[Start of Attachment]

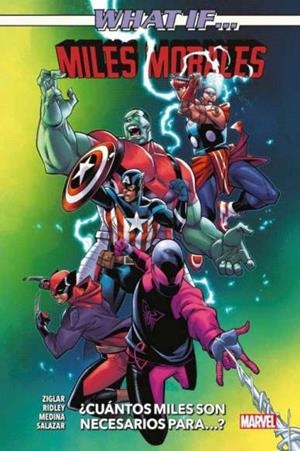 100% MARVEL HC. WHAT IF…? MILES MORALES : ¿CUÁNTOS MILES SON NECESARIOS PARA…? | 9788411500869 | VARIOS AUTORES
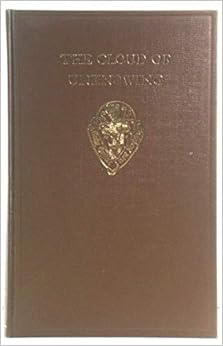 The Cloud of Unknowing and the Book of Privy Counselling The Cloud of Unknowing and the Book of Privy Counselling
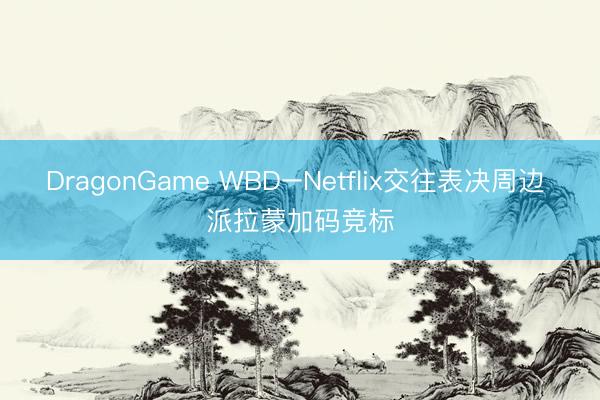 DragonGame WBD–Netflix交往表决周边 派拉蒙加码竞标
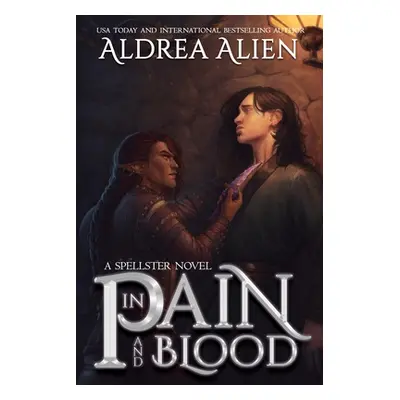 "In Pain and Blood: MM Bi-awakening Fantasy" - "" ("Alien Aldrea")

[End of Attachment]

[Your assignment]
The whole listing above is to be repeated exactly, apart from its pictures.

[Answer space]
 100% MARVEL HC. WHAT IF…? MILES MORALES : ¿CUÁNTOS MILES SON NECESARIOS PARA…? | 9788411500869 | VARIOS AUTORES
 The Cloud of Unknowing and the Book of Privy Counselling The Cloud of Unknowing and the Book of Privy Counselling
 DragonGame WBD–Netflix交往表决周边 派拉蒙加码竞标
 "In Pain and Blood: MM Bi-awakening Fantasy" - "" ("Alien Aldrea")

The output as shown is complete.